Ask us how we know, but Singletons, and hard-coded dependencies in general, do wonders to make a codebase hard to understand, hard to test, and hard to maintain.

The solution is to use a specific style of coding to avoid having to deal with this. Dependency Injection is a widely used paradigm in industry for this problem, and it is easier than it sounds.

Although we don't have the need for a full DI framework yet, we should strive to write code in a one amenable to future changes. Read the article linked to above if you are interested, but otherwise, here is a quick example of how these things work. Suppose we want to write a LinkedList, but linked list nodes will be reused:

struct LinkedListNode {
 // ... 
};

class LinkedList {
  // ...
  template <typename T>
  void Add(T content) {
    // ...
    LinkedListNodeObjectPool::GetInstance().New(content);
  }
};

At this point, it is hiding the fact that it mutates the state of the global singleton LinkedListNodeObjectPool, and because we made an explicitly call to it, preventing modularized testing. Now consider a scenario where for some reason LinkedListNodeObjectPool hands out large chunks of memory (say, 1 MB each node), and we want to do scale testing on the operations of LinkedList (e.g. Insert, Delete concurrently), our test will have to run slowly because there is no way for us to change the LinkedListNodeObjectPool's memory behavior without changing the code. Whereas in an ideal world, we know that in this test, it doesn't matter what the content of these LinkedListNode are, and can get away with a fake object that just has the pointer field.

Suppose we have written the code instead in this way:

class LinkedList {
  LinkedList(LinkedListNodeObjectPool &pool) : pool_(pool) {}
  // ...
  template <typename T>
  void Add(T content) {
    // ...
    pool_.New(content);
  }

  //...
  LinkedListNodeObjectPool &pool_;
};

Everything still works. But now suppose we want to write the above test, we simply do:

// fake implementation with low memory overhead
class FakeLinkedListNodeObjectPool : public LinkedListNodeObjectPool {
  // ...
}

TEST(LinkedListTests, LargeTest) {
  FakeLinkedListNodeObjectPool fake_pool;
  LinkedList tested(fake_pool);
  // test on tested
}

When we execute the real program, presumably in main.cpp:

int main() {
  // ...
  LinkedListNodeObjectPool real_pool;
  LinkedList tested(real_pool);
  // ...
}

To sum it up, dependency injection states that object creation and the logic be separated.
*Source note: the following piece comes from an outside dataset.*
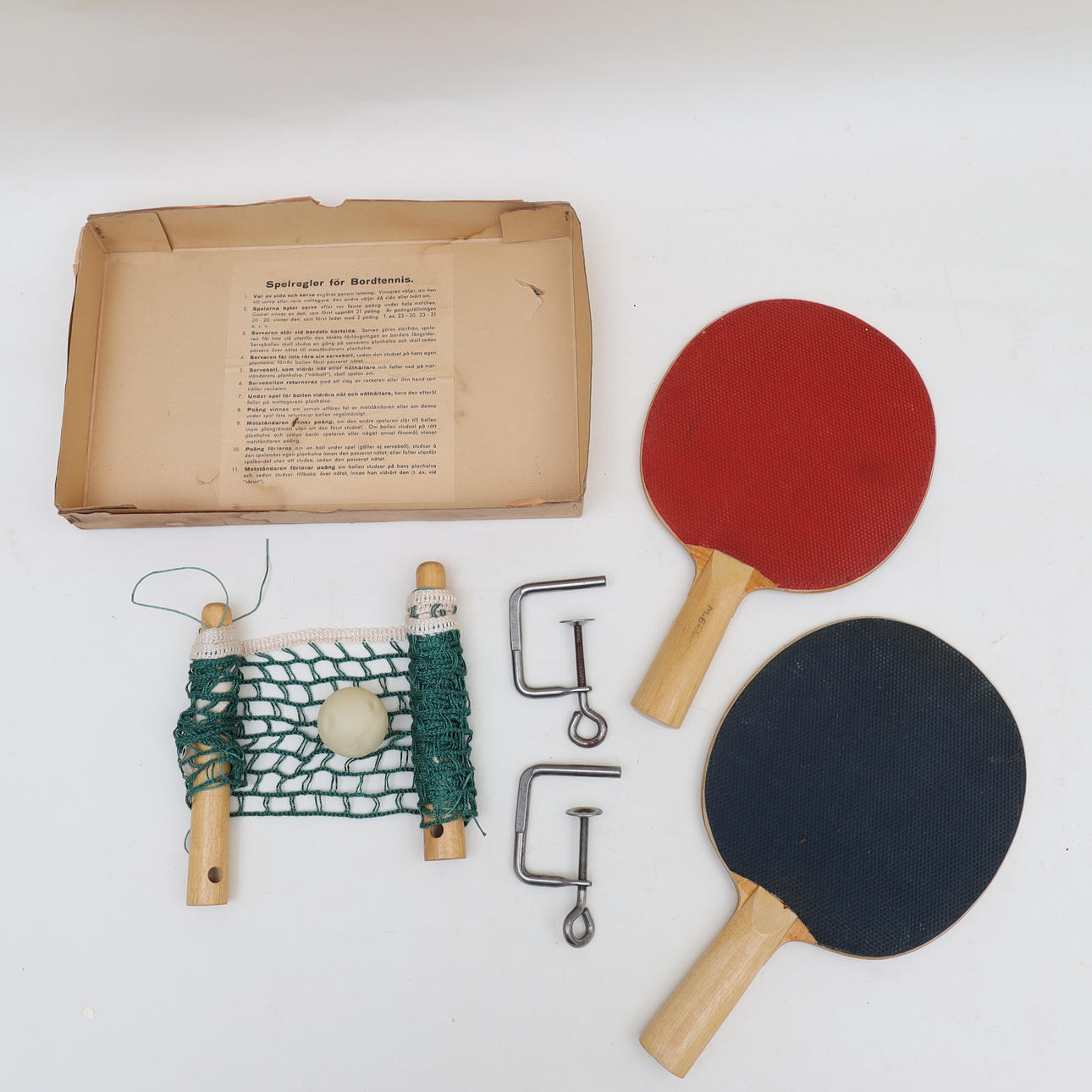 A mid-20th century table tennis set.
This allows us to change the object without changing the logic. Of course, in practice, there is no need to be as strict about this; it might make sense, for example, for objects to create and own objects when the owned object is essential to functionality (e.g. rarely do we want to change a std::vector implementation, so creating a vector member in the object is fine). However, if the object in question logically is a different component, and it might make sense for the logic to be tested apart from the object, write the code in this way.

Code reuse

Copy and Pasting Code

If you are on this project, we should not need to explain to you why copy-and-pasting code is a bad idea. That being said, when deadlines start approaching, it is normal for people to start cutting corners.
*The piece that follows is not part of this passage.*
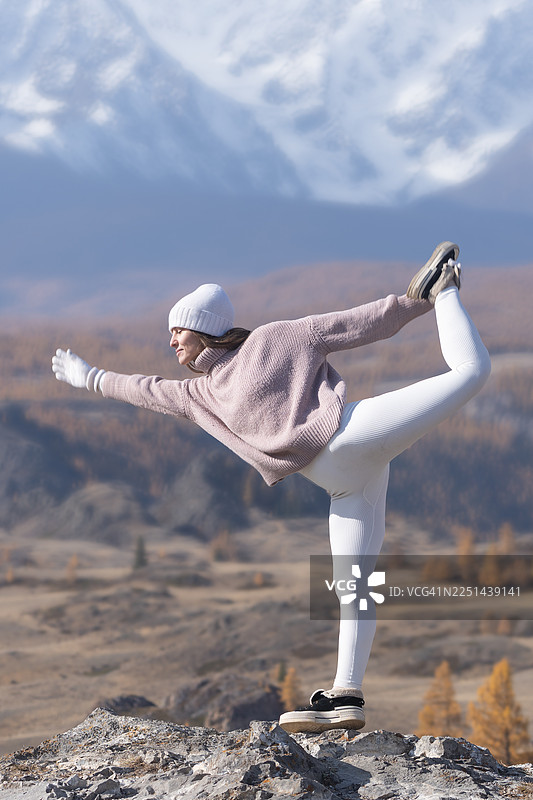 一位女子在山顶练习瑜伽，在白雪皑皑的山峰背景下保持着瑜伽体式平衡。图片素材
If you ever find yourself in the situation where you are about to copy and paste a body of code (more than a couple of lines), stop immediately and ask yourself the following questions:

  • Is it the only time I will need to do it?
  • Am I the only person who will need to do it?
  • Is there no higher level abstraction for the block as whole?
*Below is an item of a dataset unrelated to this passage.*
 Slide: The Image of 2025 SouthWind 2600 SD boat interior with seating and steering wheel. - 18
If you answer no to any of the questions (chances are you will), stop and write a function for said block of code, and leave enough documentation and extension points such that nobody will need to revisit this process.

If you do not do so, chances are your code reviewer's eyes will bleed and they will ask you to do so. You are not cutting corners after all and you are causing pain to both yourself and your fellow students (professors).